As many of you know, I have just moved into a beautiful new house. It is a “Gated Community” but they are still adding subdivisions, ours being one of them. For the most part all of the houses are finished and now they are just waiting to be bought. I do not think it will take long once people find out about our little division. Mainly because we have reasonably small houses in a community that is full of mansions and manors. Ironically, the Community is called “_________ on the Lake” but there are only a handful of houses that are on the lake. So many of the larger houses are 10-15 blocks away. This may not seem far but our little division is only a block away. If you walk to the end of our short little street, there’s the lake. Now, you cannot access it because of the mansion that is on the lake shore, but it is still a nice view all things considered.
ANYWAY, like I was saying, some of the houses on our street are just waiting to be sold. However, as I was out on my walk I noticed that some houses had been sold. At first I thought this had to be a joke. But it has been over a week so now I am convinced, I will soon have new neighbors.

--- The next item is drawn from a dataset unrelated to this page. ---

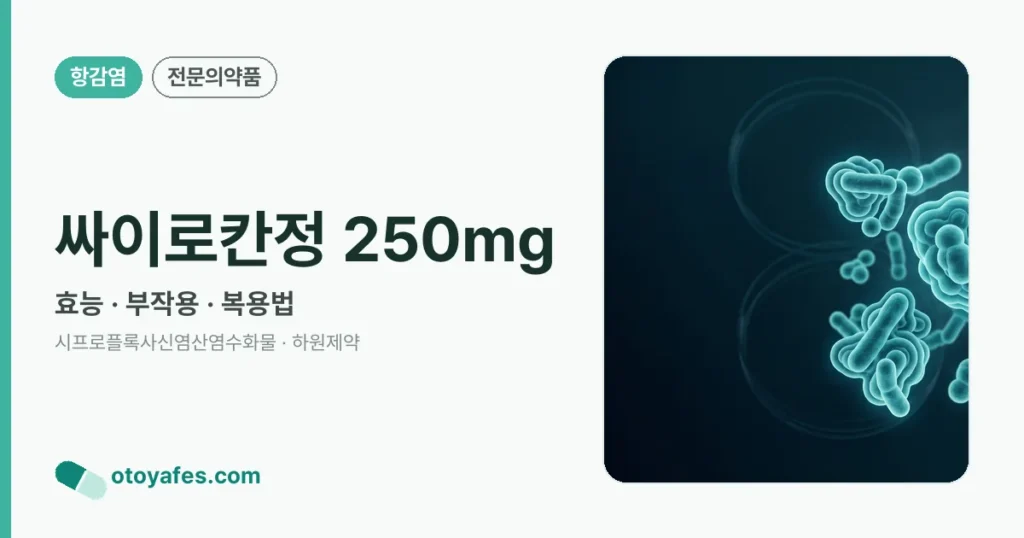 싸이로칸정 250mg 정리 썸네일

I am always excited about meeting new people, I am just going to have to talk to the HOA about the the house. They made a big stink about the fact that my fence was 6 feet high and not 4 feet but they are going to let this go.

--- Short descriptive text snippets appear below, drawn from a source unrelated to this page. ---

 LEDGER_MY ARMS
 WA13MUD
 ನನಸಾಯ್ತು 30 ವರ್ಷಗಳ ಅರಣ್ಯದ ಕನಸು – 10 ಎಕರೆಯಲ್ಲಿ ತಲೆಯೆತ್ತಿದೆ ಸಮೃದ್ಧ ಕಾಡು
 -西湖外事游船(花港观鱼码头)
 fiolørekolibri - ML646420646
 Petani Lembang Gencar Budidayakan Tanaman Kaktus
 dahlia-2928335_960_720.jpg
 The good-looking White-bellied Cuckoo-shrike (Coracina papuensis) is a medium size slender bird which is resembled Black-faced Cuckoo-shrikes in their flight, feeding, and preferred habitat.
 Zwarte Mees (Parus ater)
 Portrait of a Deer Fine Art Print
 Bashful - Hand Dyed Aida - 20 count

I will be calling the HOA tomorrow but for now, welcome to the neighborhood!
Today we had a lunch and game day with our friend Jenn. We invited some other folks but they were lame. (AKA They probably were not out of bed yet. To be honest, I can’t blame them. If Jenn wasn’t coming to hang out, I would not have moved either.) Through a series of unfortunate events, I had to run to the store to grab some last min things for lunch. As it turned out, Jenn was just chilling at the Krispy Kream, an amazing doughnut place for those of you not from the south. So I told her I would grab her and she could come grab groceries with me and then we would head to my house for lunch.

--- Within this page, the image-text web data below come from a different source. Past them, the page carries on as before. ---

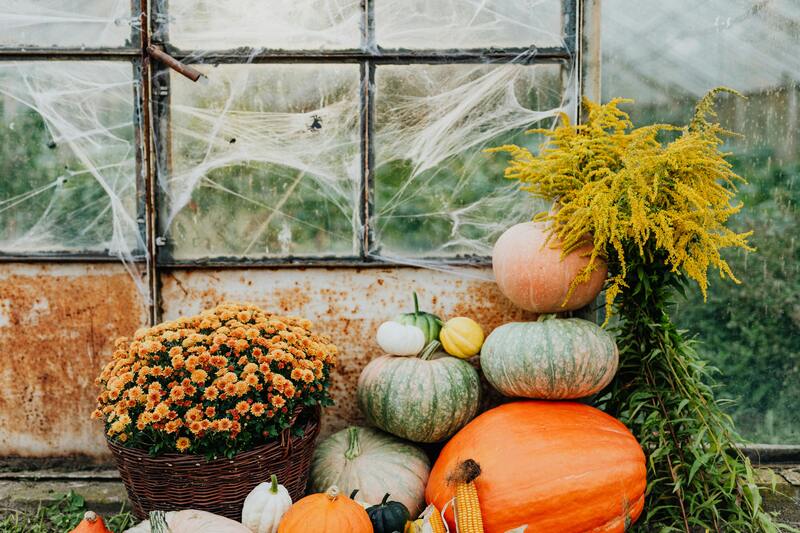 Ритуалы Самайна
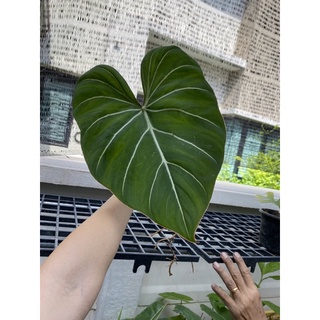 Philodendron Gloriosumใบใหญ่ รากเพียบ กลอริออซั่ม ก้านกลม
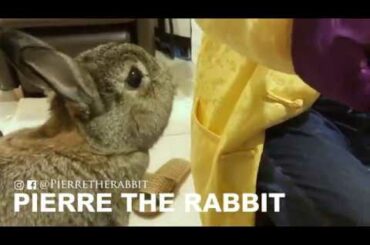 Cute bunny eating fruit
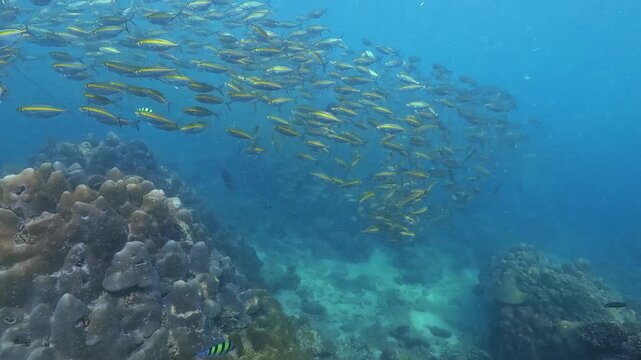 Healthy coral reef formations display a thriving ecosystem. A large school of fish Carangidae Selar boops swims gracefully through the clear blue tropical ocean water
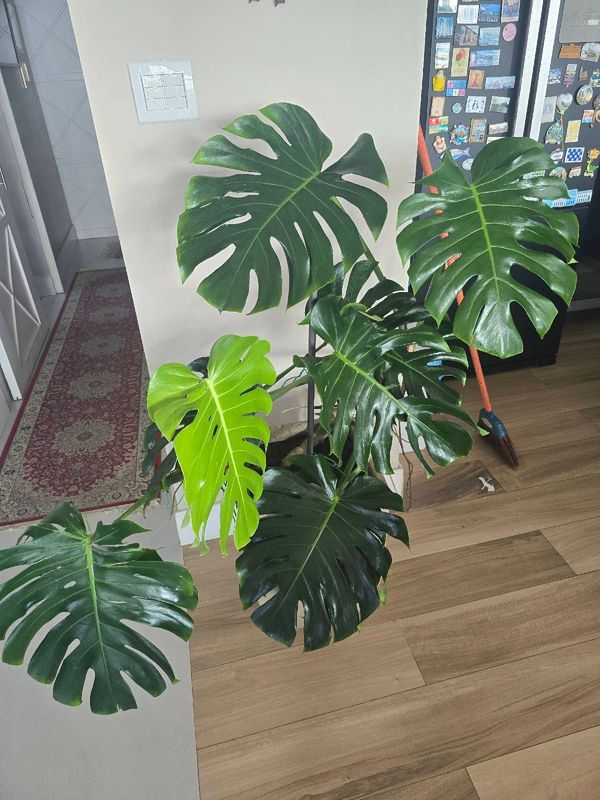 Identificação da planta Costela-de-adão por foto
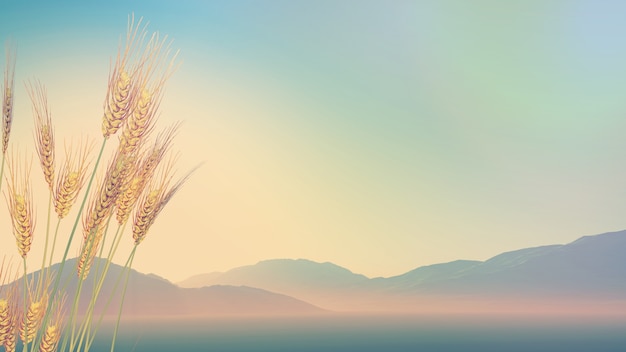 原神10大不值得培养角色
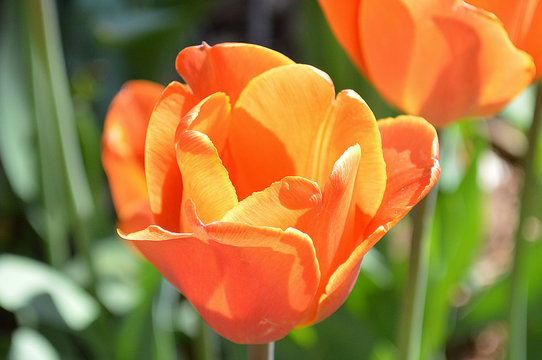 Fancy Tulip Close Up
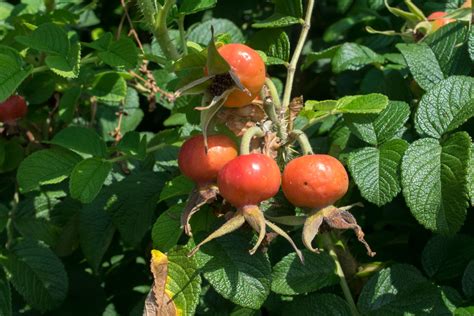Krumpirova ruža (Rosa rugosa) - Plantea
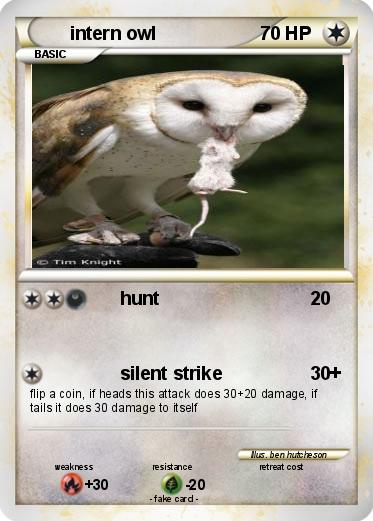 Pokemon intern owl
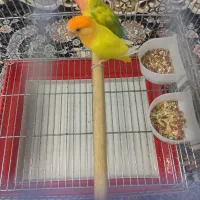 طوطی برزیلی|پرنده|تهران, نیکنام|دیوار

As we were heading back from the store there was this big wreck. There were at least 3 police cars and at least 3 cars involved in the wreck. Everyone was walking and no one truly seemed to be hurt which is always good and they were pushing the cars out of the way of the 3 lanes of traffic. In doing so they had to block the entrance to a southern fast food fried chicken place called Bojangles. Jenn and I saw the blocked entrance and Jenn remarked “Well I guess no ones getting their Bojangles any time soon.” And I will be DAMNED if some ass did not turn into the lot, drive around the wrecked car, and got into the drive through! Someone wanted some chicken NOW and nothing was going to stop them! I cannot lie, I love Bojangles, but not enough to drive around a wrecked car to get some fried chicken. Only in the south!
*UPDATE ON PAST POST*
I am doing better.
The platelets seem to be helping heal some of the bruising. My mouth is still bleeding quite a bit and causes quite a bit of embarrassment.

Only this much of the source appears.